### GIVEN INFORMATION
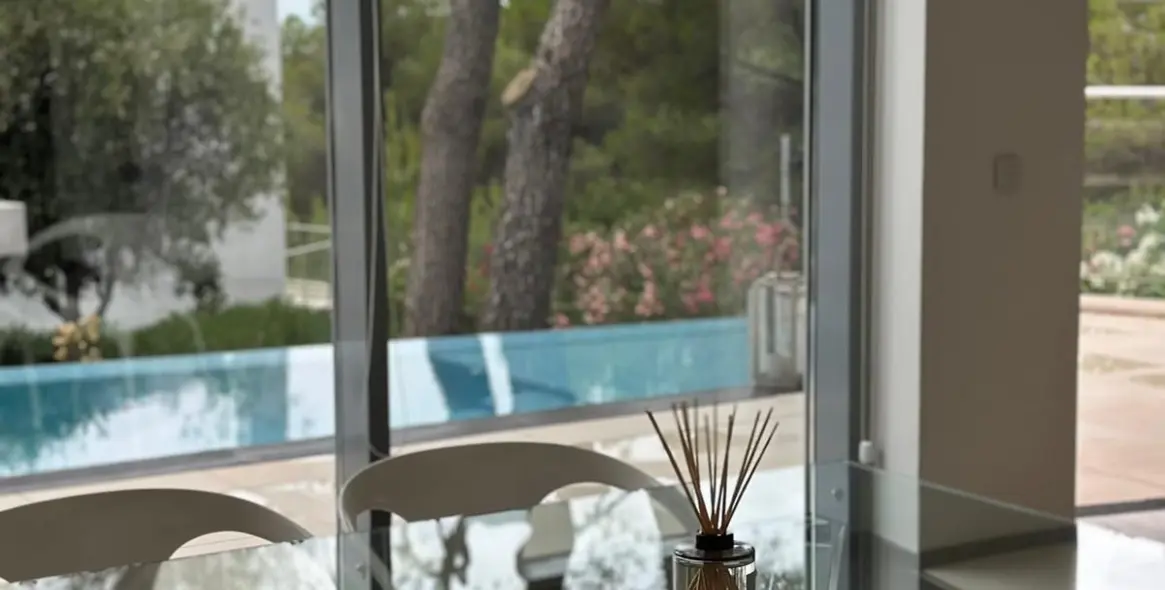 Продажа двухуровневых апартаментов в Marbella 10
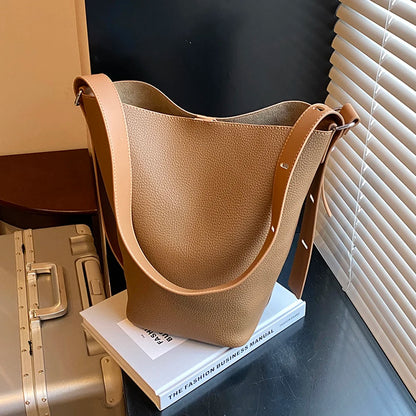 Bucket Bag for Women Adjustable Strap Shoulder Bag Vegan Leather with Inner Pocket Crossbody Bag Solid Hobo Bag for Work Travel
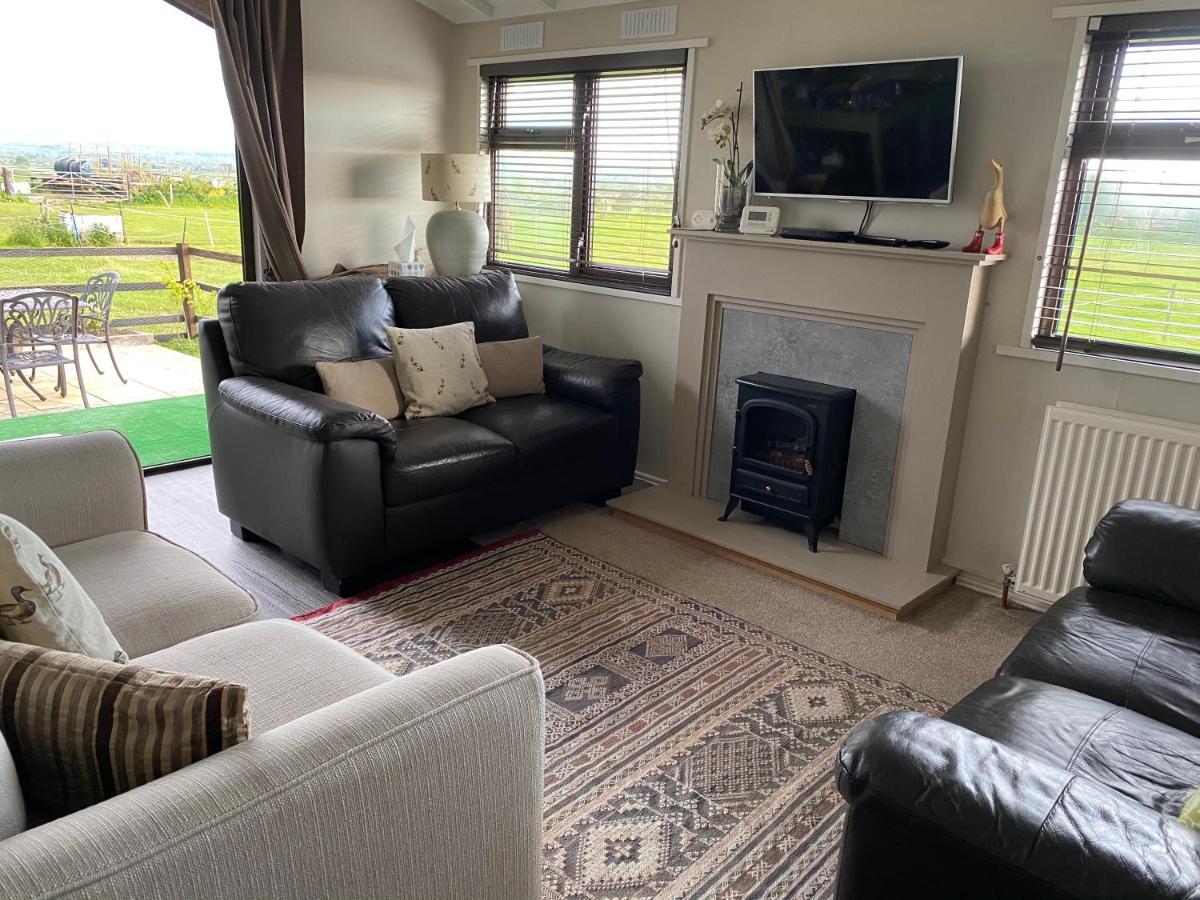 Rew Farm Country & Equestrian Accommodation - Sunrise Lodge Melksham Exteriör bild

### TASK
Return every line above verbatim, pictures excluded.

### RESULT
 Продажа двухуровневых апартаментов в Marbella 10
 Bucket Bag for Women Adjustable Strap Shoulder Bag Vegan Leather with Inner Pocket Crossbody Bag Solid Hobo Bag for Work Travel
 Rew Farm Country & Equestrian Accommodation - Sunrise Lodge Melksham Exteriör bild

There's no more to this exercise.